Daring to Flip the Public Health Classroom

“Flipping the classroom” has been around long enough now to have its own Wikipedia page.

flipped classroom for adult learners

Proponents suggest that this strategy allows teachers to focus less on direct instruction and more on collaboration, problem solving, and application.

Critics respond that direct instruction offers many benefits. They also wonder if we are fooling ourselves by claiming that students learn deeply by watching videos at home.

Most discussion of flipped classrooms focuses on younger grades: its potential for teaching mitosis or long-division or the basics of circuitry.

What about adult learners? Can flipped classrooms help them learn?

Flipped Classroom for Adult Learners

A just-published study looks at a Principles of  Epidemiology course for grad students at Columbia University.

In 2015, instructors taught in the “traditional” way: 90 minutes of lecture, followed by 90 minutes of discussion.

In 2016, they flipped the classroom: “pre-recorded lectures [were] viewed outside the classroom setting (at home), and in-person classroom time [was] devoted to interactive exercises, discussion, or group projects.”

So: who learned more?

By practically every measure, it just didn’t make much difference.

For instance: at the midterm, the median grade in the traditional class was 94.0. In the flipped class, it was … 94.4.

On the final exam, the median traditional grade was — again — 94.0. The flipped class median was 92.5.

(If you look at mean grades instead of median, there is a slight — and statistically trivial — advantage for the flipped classroom.)

Whose Benefit?

Although these grad students didn’t learn any more epidemiology, they did prefer the flipped-classroom format.
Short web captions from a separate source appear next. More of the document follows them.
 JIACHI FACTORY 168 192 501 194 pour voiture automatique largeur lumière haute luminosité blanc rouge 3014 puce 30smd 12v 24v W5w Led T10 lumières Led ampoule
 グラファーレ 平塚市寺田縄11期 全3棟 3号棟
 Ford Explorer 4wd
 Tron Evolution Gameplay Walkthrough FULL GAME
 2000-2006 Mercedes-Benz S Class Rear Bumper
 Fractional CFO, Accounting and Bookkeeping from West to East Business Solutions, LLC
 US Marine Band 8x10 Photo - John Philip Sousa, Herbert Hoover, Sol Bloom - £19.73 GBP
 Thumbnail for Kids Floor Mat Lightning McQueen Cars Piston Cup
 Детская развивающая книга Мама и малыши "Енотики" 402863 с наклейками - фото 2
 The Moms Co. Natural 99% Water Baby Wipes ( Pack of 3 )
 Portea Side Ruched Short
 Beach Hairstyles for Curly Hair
Why? Because it gave them greater flexibility in their otherwise over-scheduled and hectic lives.

If schools can promote the same amount of learning more conveniently, then that strategy feels like a real win.

At the same time, it’s not clear that this benefit transfers to younger learners.
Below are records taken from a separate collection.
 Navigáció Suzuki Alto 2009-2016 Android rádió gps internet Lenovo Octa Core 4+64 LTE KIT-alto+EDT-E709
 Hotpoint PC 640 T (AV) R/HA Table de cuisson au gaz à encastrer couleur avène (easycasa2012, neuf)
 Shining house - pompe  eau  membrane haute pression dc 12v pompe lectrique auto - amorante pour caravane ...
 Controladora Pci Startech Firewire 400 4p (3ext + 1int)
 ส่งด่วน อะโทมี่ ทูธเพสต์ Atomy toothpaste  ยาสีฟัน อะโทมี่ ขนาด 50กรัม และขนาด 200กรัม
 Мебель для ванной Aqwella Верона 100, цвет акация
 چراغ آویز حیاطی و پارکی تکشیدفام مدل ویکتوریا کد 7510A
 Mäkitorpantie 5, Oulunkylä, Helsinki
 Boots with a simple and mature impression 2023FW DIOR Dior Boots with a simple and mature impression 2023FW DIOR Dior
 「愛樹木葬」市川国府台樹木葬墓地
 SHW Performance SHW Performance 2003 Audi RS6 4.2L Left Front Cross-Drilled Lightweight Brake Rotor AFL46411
  • Would they be as conscientious as these graduate students in watching the videos?
  • Are flipped-classroom self-tests typically as in-depth as the ones in this study? (That is: this study included excellent study questions — you can check them out on page 4.)
  • Are most students juggling work-life balance difficulties the way that these graduate students are?

In other words: flipped classrooms simplified schedules for these graduate students — even though they didn’t improve learning.

Whether or not that benefit transfers to K-12 students, however, depends a great deal on the specific circumstances that those students face.